[Activity]
In the records below, find every line with the word "FRONT" and copy it.

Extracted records
--------------------------------------------------

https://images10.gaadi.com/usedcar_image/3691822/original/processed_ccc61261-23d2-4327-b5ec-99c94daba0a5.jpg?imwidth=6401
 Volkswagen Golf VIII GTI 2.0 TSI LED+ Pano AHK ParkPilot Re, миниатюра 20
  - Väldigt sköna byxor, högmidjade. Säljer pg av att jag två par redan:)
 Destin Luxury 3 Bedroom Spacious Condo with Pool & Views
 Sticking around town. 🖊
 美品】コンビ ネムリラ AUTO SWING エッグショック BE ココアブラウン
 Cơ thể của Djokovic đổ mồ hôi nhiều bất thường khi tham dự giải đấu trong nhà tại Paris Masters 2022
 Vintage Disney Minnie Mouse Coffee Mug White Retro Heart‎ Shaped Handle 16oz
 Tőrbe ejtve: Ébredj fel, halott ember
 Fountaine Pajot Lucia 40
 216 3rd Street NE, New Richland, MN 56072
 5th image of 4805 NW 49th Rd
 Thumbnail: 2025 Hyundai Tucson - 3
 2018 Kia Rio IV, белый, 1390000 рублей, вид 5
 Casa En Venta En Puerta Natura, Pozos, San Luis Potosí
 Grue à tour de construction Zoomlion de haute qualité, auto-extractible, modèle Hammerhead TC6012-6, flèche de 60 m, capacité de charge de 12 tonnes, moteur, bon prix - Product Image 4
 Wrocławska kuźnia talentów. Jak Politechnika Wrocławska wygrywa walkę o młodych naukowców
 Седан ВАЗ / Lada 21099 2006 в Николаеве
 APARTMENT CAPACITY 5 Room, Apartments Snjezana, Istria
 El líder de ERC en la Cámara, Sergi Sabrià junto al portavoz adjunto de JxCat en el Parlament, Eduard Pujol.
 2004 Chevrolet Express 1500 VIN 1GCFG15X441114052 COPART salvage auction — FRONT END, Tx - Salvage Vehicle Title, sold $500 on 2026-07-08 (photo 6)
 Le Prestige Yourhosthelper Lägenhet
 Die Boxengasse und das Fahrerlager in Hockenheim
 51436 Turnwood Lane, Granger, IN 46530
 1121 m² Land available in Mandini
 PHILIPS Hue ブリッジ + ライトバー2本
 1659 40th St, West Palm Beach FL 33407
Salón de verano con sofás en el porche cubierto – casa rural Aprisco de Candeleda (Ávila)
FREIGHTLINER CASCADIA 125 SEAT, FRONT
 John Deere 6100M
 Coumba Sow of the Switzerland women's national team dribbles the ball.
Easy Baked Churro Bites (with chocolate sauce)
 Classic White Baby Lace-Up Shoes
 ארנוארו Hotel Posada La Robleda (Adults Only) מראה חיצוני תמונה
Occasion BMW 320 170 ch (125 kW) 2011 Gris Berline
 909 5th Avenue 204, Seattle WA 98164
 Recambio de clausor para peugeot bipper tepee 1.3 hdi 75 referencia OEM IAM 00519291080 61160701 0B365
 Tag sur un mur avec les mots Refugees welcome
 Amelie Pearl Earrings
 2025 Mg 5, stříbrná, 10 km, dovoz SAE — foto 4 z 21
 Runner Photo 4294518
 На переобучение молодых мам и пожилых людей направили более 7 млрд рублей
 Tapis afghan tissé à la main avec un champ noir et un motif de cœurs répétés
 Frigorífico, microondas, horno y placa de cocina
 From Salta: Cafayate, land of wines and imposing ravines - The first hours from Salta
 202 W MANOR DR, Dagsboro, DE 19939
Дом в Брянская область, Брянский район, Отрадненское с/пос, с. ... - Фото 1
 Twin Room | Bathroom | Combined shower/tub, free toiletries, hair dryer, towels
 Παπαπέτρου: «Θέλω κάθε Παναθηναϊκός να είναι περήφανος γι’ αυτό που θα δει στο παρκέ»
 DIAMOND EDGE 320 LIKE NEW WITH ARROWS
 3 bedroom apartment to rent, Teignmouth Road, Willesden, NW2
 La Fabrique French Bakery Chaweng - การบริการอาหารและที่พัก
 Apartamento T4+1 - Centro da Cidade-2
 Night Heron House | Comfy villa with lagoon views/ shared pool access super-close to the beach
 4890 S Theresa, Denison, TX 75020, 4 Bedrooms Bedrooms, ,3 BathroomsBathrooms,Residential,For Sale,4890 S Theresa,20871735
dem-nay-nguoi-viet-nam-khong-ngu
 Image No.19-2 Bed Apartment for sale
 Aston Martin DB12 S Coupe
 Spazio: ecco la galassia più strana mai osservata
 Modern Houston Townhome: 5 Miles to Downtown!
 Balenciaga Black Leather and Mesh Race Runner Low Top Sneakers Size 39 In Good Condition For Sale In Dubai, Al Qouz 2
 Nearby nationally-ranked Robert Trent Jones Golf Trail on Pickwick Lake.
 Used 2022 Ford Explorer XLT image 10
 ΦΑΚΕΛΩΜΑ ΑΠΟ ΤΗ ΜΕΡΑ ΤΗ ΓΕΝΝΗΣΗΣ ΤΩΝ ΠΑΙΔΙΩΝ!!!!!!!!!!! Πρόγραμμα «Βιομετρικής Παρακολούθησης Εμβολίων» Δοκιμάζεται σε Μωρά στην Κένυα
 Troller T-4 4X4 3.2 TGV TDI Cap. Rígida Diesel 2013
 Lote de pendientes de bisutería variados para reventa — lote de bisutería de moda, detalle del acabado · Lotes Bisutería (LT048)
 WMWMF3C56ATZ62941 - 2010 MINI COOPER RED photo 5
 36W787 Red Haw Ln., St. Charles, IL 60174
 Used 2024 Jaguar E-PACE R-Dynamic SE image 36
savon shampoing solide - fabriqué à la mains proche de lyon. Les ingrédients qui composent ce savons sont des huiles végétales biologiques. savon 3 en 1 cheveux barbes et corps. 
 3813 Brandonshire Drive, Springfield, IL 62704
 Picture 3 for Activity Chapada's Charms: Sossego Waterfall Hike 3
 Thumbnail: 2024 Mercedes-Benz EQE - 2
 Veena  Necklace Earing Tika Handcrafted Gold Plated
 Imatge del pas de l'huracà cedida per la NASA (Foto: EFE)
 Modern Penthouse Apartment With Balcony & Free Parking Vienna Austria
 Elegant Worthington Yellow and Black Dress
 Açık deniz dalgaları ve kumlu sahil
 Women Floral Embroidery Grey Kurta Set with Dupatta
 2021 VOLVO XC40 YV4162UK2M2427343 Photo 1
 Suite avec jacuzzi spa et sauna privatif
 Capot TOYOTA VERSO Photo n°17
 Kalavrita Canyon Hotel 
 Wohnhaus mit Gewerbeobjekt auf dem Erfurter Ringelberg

--------------------------------------------------

[Answer to this exercise]
 2004 Chevrolet Express 1500 VIN 1GCFG15X441114052 COPART salvage auction — FRONT END, Tx - Salvage Vehicle Title, sold $500 on 2026-07-08 (photo 6)
FREIGHTLINER CASCADIA 125 SEAT, FRONT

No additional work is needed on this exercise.